For Kaldor Public Art Project 28, highly acclaimed Slovakian artist Roman Ondák presents a trio of participatory works at Parramatta Town Hall. The historic venue hosts Swap (2011), the riveting interactive chain of barter and exchange that delighted 13 Rooms audiences, and Measuring the Universe (2007), previously presented to great acclaim at MoMA, New York, and Tate St Ives, United Kingdom. The third work, Terrace (2014) has been created especially for Kaldor Public Art Project 28.
Roman Ondák takes the familiar elements of everyday life and reframes them to surprise our expectations and perspectives. He investigates social codes, conventions, rituals and forms of exchange by discreetly dislocating objects, ideas and actions from their usual settings. His installations, performances and interventions are sometimes scarcely distinguishable from the context in which they are presented. Often humorous, they provoke a double take by viewers, making them question their preconceptions and modes of interaction.
Ondák’s celebrated work Measuring the Universe (2007) begins with an empty gallery space. Equipped with a black felt tip marker, gallery attendants mark the height, name and date of each visitor who enters the space. As the blank walls transform into a universe of marks, a dense, dark mass congregates at the average height of participants, transforming a common family tradition into a portrait of Parramatta.

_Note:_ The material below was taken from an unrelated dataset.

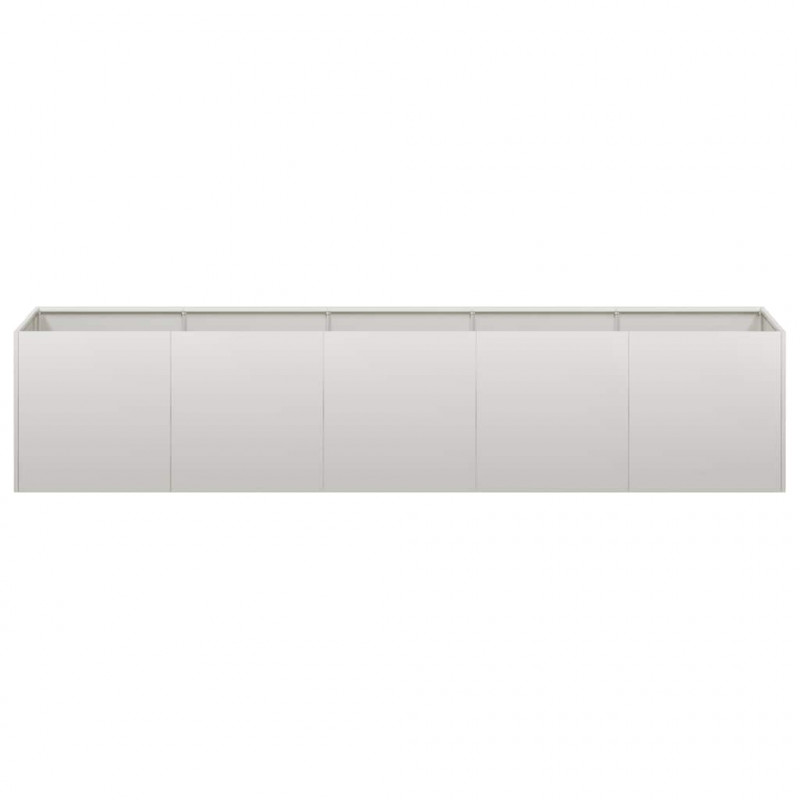 Doniczka 200x40x40 cm Stal nierdzewna
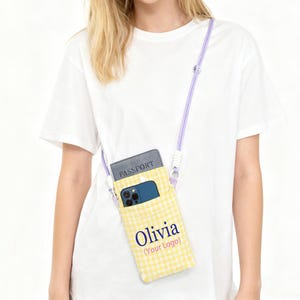 Personalized Phone Bag Crossbody,Travel Phone Bag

An undeniable favourite from Project 27: 13 Rooms, Swap (2011) merges art with everyday life. Ondák selects a performer to sit behind a table akin to a vendor in a marketplace. Setting in motion an endless chain of barter and exchange, the performer invites each visitor to swap an object for the one on his table. Finally, at the close of the exhibition, the last performer takes with him/her the final object of the day.
Adding a personal element to the project, and evoking the presence of the Slovakian artist in Parramatta is Terrace (2014), a work created especially for Project 28. An exact replica of the artist’s own terrace in his post-war Central European apartment, this work provides a shift in perspective for viewers as they navigate the exhibition.